3. Der Anspruch des Geschädigten gegen den Schädiger kann nicht allein deshalb als verwirkt angesehen werden, weil der Schadensfall zum Zeitpunkt der Anspruchserhebung bereits 12 Jahre zurückliegt. Vielmehr muss der Schädiger auch darauf vertraut haben, dass der Geschädigte sein (vermeintliches) Recht nicht mehr geltend machen werde (Umstandsmoment). Für die Annahme eines solchen Vertrauens reicht die abstrakte Möglichkeit, dass der Schädiger bei Kenntnis von seiner späteren Inanspruchnahme Rücklagen hätte bilden können, nicht aus.
Normenkette
BGB §§ 209, 852; StVG § 14; PflVG § 3 Nr. 3 S. 4; AuslPflVG § 6 Abs. 1
Verfahrensgang
LG Münster (Aktenzeichen 16 O 57/99) |
Tenor
Die Berufung der Beklagten gegen das am 3.12.1999 verkündete Urteil der 16. Zivilkammer des LG Münster wird mit der Maßgabe zurückgewiesen, dass der Feststellungstenor wie folgt neu gefasst wird:
Es wird festgestellt, dass die Beklagte zu 2) verpflichtet ist, dem Kläger allen materiellen und immateriellen Schaden zu ersetzen, der ihm aus dem Verkehrsunfall mit dem Fahrer der Beklagten zu 2) B. am 7.4.1987 zwischen S. und N. entstanden ist und noch entstehen wird, soweit der Anspruch nicht durch den zwischen der Beklagten zu 2) und ihrem Haftpflichtversicherer bestehenden Versicherungsvertrag gedeckt ist und soweit der Anspruch nicht auf einen Sozialversicherungsträger übergegangen ist.
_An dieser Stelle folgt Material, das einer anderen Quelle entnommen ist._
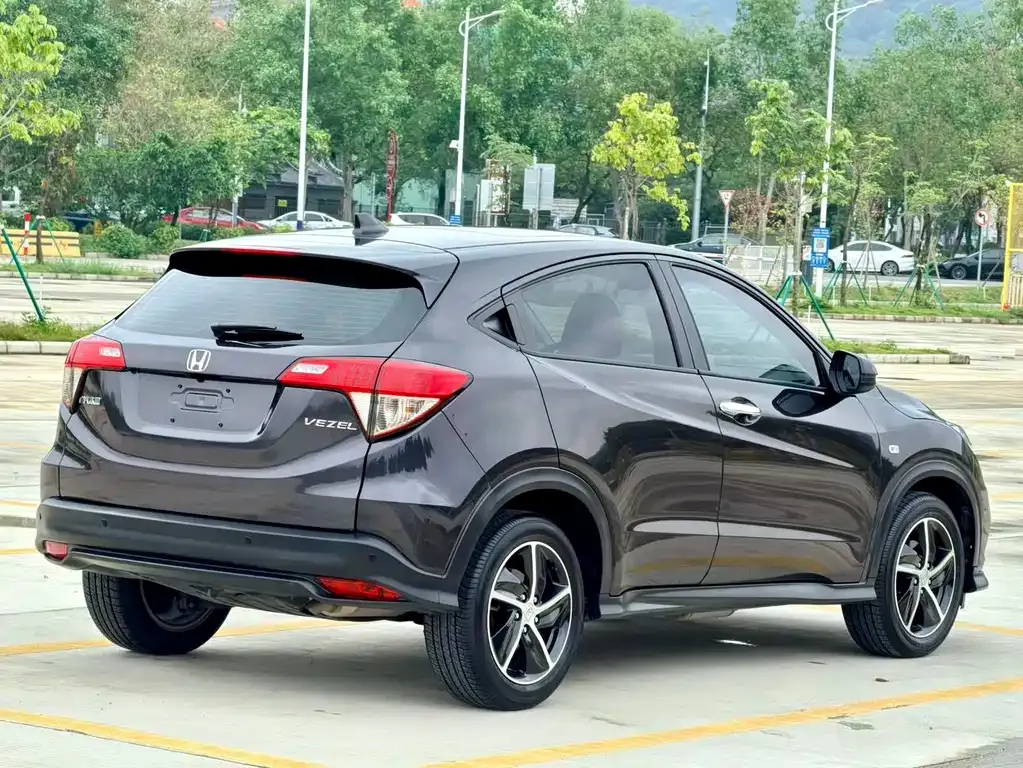 Honda Vezel — фото 7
Die Kosten der Berufung werden der Beklagten zu 2) auferlegt.
Das Urteil ist vorläufig vollstreckbar.
Dem Kläger wird nachgelassen, die Zwangsvollstreckung durch Sicherheitsleistung i.H.v. 120 % des jeweils zu vollstreckenden Betrages abzuwenden, wenn nicht die Beklagte zu 2) vor der Vollstreckung Sicherheit in gleicher Höhe leistet. Beide Parteien können Sicherheit durch Bankbürgschaft leisten.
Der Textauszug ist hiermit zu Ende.